When we last left our intrepid time-traveling engineer, Conrad Schwartz (now Conrad Stargard, in order to avoid suspicions of being German), he had made the best of his accidental transportation to 13th century Poland, just before the Mongol invasion: he had killed bandits, rescued (and ravished) young maidens, and started some light industry despite the dark age mentality and general backwardness of the era.

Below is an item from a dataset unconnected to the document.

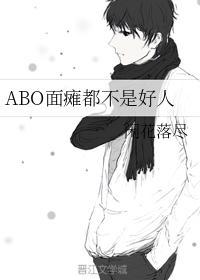 ABO面瘫都不是好人封面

The High-Tech Knight1 introduces a new narrator into the mix, namely Sir Vladimir, a knight of the old school who becomes attached to Conrad both by personality and by oath to the Duke, who assigns Vladimir to protect—and keep an eye on—Conrad when the latter is given his own land. Conrad intends to use his new, as-yet-unbuilt city named Three Walls, as a basis for heavy industry, including mining, coke ovens, smelting, and smithing. It just so happens that early on in the book, Conrad, attended by Sir Vladimir, happens upon a caravan of Crossmen leading a contingent of enslaved Pruthenian children. Conrad already hates the Crossmen2, in part because one almost killed him on his first day in the 13th century; in part because they’re brutal German scoundrels. Conrad, being of modern sensibilities, also can’t abide by the idea of slaves—especially children intended for Saracen owners. A battle ensues, and though victories, Conrad is surprised to ultimately learn that he faces the potential for legal ramifications for his actions. Though his friends, including the Duke (at that point, the highest-ranking nobleman in Western Poland), all side with him, the matter is destined to be resolved in a trial by combat at Christmas of 1232.
As Conrad progressively modernizes Poland, Frankowski was obviously given the problem of how to provide the necessary allotment of action and swordplay in each book. Though Conrad got a toehold in that brutal century by killing highwaymen and other criminals, he naturally abhors battle (at least at first), and the civilizing influence of modern technology and engineering means less fighting. In The High-Tech Knight, such battle takes center stage. Even though the attack on the caravan and the trial by combat represent relatively little of the book, their influence overshadows most of it: Conrad must train for battle against the Crossmen’s champion; meanwhile, one can watch the conflict between the projects which he wants to get done, and the projects which his friends want him to start before he is inevitably (they think) killed at Christmas.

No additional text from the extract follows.